---- EXERCISE INPUTS
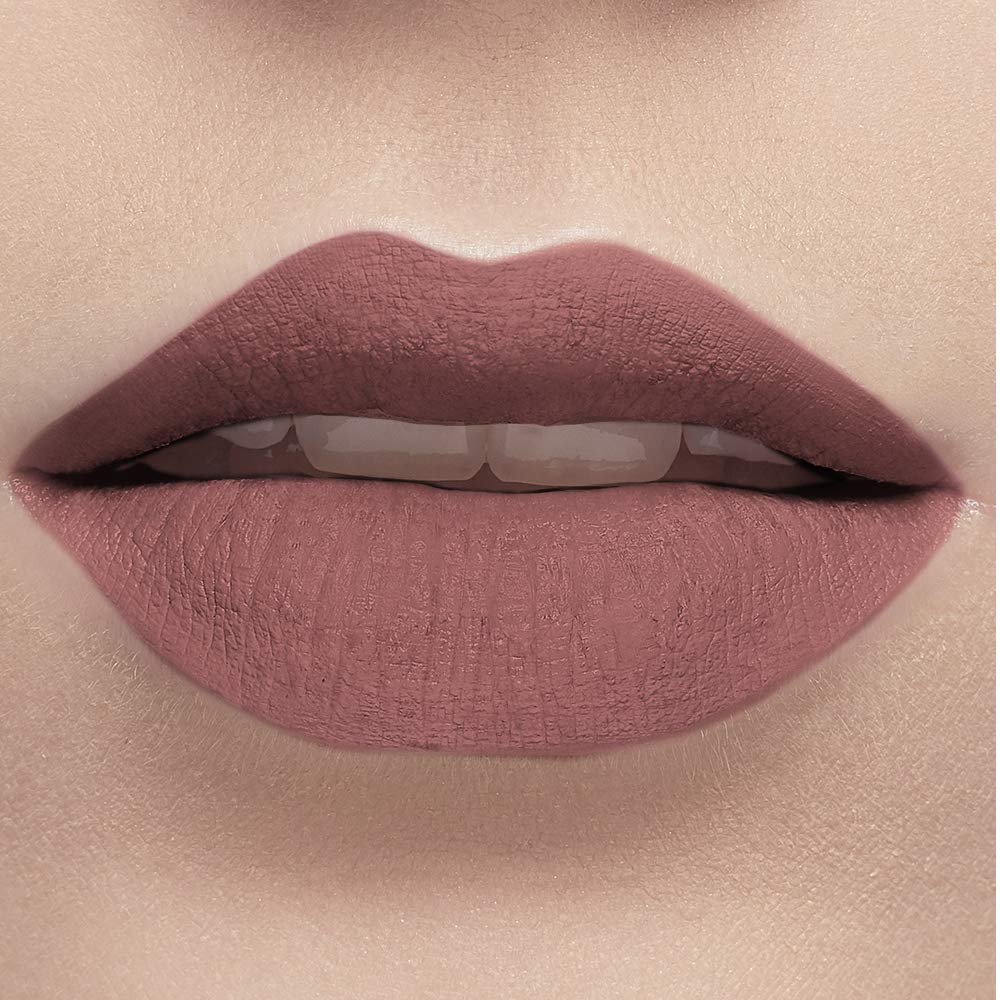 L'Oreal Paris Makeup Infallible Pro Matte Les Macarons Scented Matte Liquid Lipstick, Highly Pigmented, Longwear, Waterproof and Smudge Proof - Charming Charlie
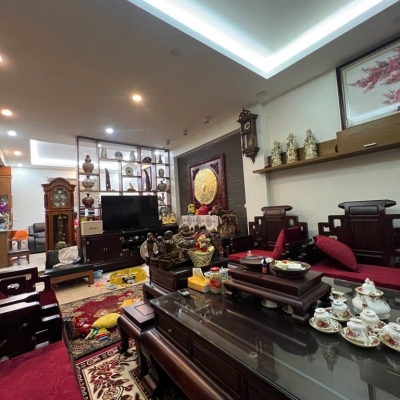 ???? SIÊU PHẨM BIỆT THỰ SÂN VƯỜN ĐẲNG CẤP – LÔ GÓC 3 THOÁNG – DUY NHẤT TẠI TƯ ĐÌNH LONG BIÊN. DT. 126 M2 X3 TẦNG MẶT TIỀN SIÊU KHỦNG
--------
---- EXERCISE INPUTS
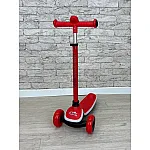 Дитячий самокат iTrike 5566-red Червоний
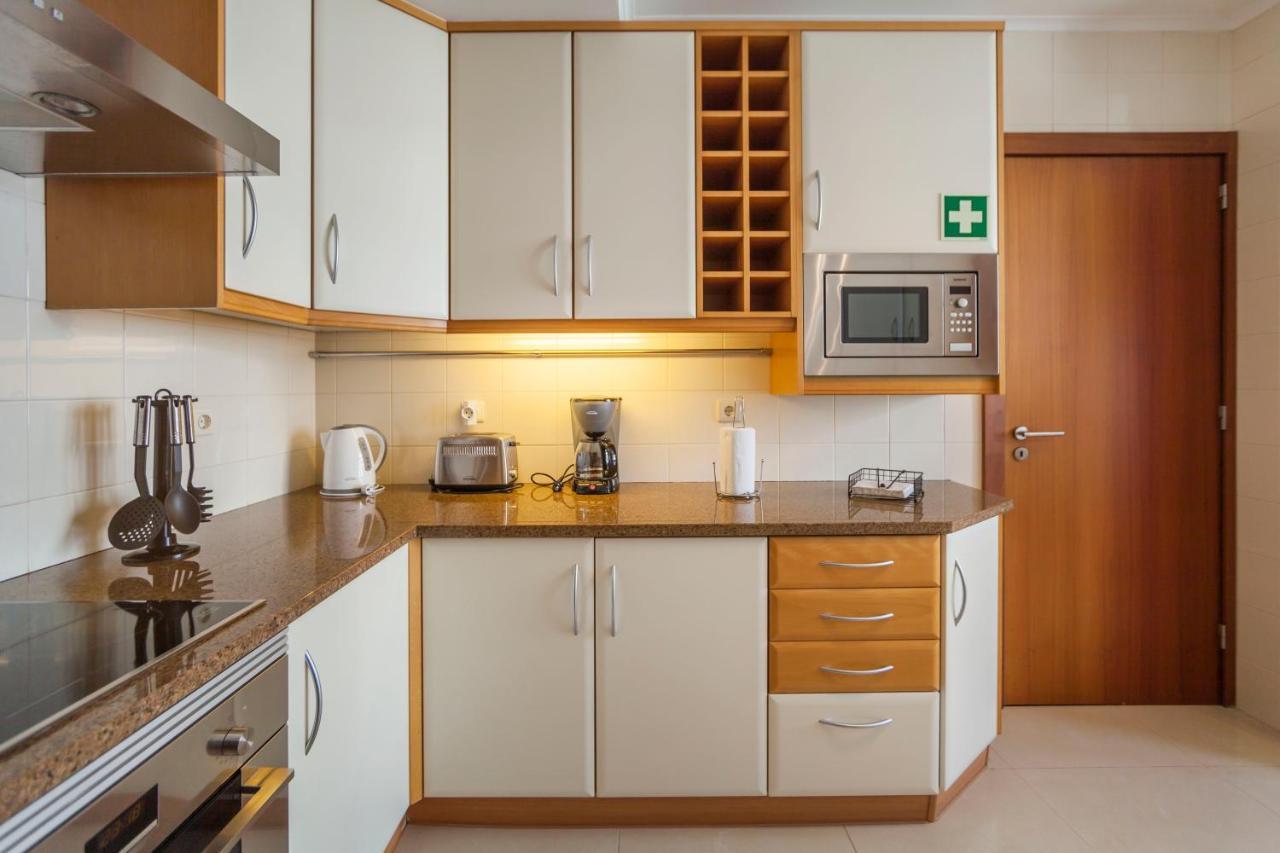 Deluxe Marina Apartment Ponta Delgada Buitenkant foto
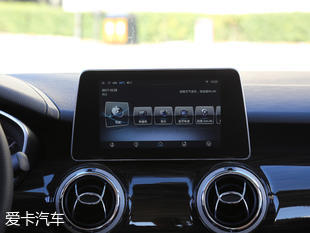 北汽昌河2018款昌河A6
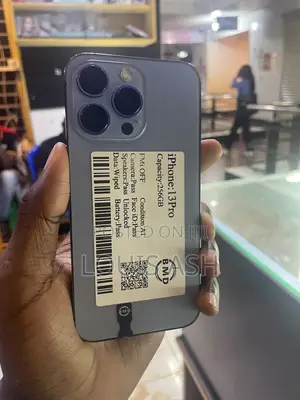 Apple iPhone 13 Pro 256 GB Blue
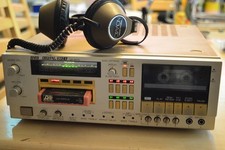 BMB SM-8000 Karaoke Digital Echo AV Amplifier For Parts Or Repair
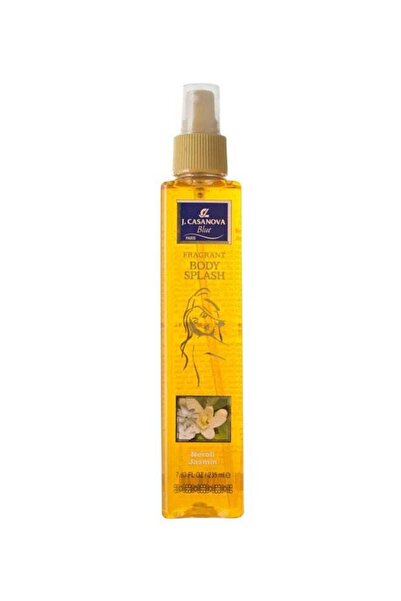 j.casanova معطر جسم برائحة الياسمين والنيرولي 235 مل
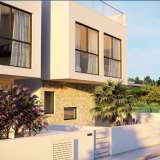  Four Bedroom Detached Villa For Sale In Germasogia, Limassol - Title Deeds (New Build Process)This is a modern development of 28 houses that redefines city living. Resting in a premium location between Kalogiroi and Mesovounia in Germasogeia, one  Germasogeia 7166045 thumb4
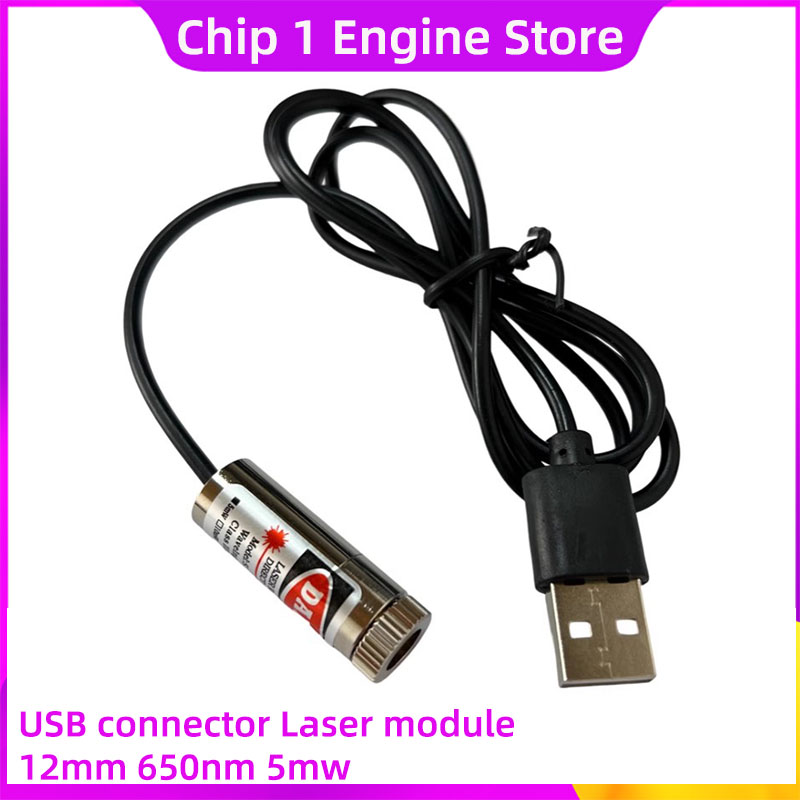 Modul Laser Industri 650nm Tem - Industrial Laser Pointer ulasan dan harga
--------
---- EXERCISE INPUTS
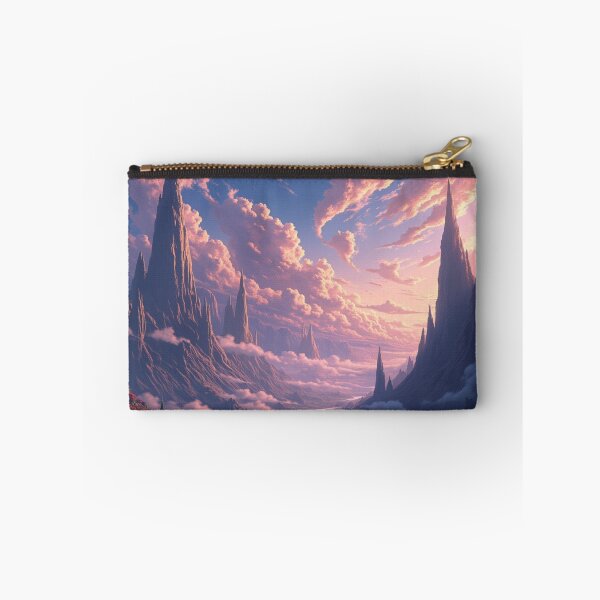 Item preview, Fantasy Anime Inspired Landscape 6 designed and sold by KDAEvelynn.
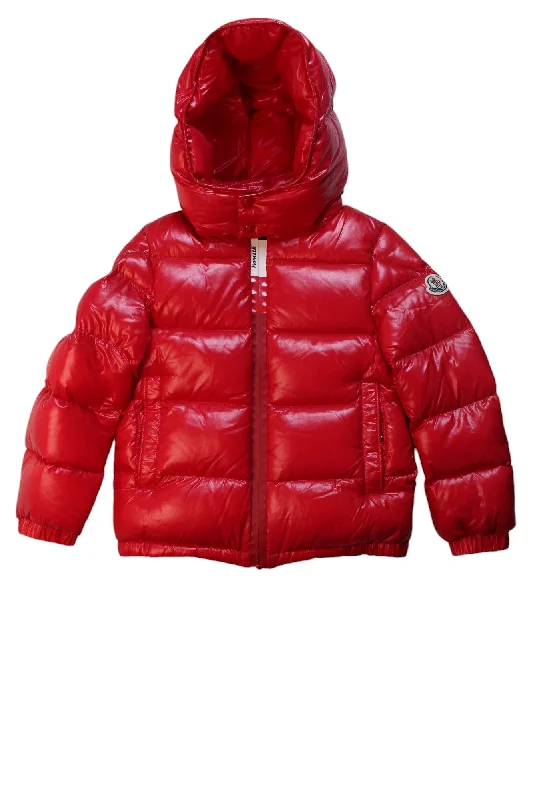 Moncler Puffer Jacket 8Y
--------
• DIRECTIONS FOR THIS TASK: Repeat exactly the lines above, beginning at the one containing "Дитячий самокат iTrike 5566-red Червоний" and ending at the one containing "Modul Laser Industri". Do not carry over any pictures.

• ANSWER SPACE:
 Дитячий самокат iTrike 5566-red Червоний
 Deluxe Marina Apartment Ponta Delgada Buitenkant foto
 北汽昌河2018款昌河A6
 Apple iPhone 13 Pro 256 GB Blue
 BMB SM-8000 Karaoke Digital Echo AV Amplifier For Parts Or Repair
 j.casanova معطر جسم برائحة الياسمين والنيرولي 235 مل
  Four Bedroom Detached Villa For Sale In Germasogia, Limassol - Title Deeds (New Build Process)This is a modern development of 28 houses that redefines city living. Resting in a premium location between Kalogiroi and Mesovounia in Germasogeia, one  Germasogeia 7166045 thumb4
 Modul Laser Industri 650nm Tem - Industrial Laser Pointer ulasan dan harga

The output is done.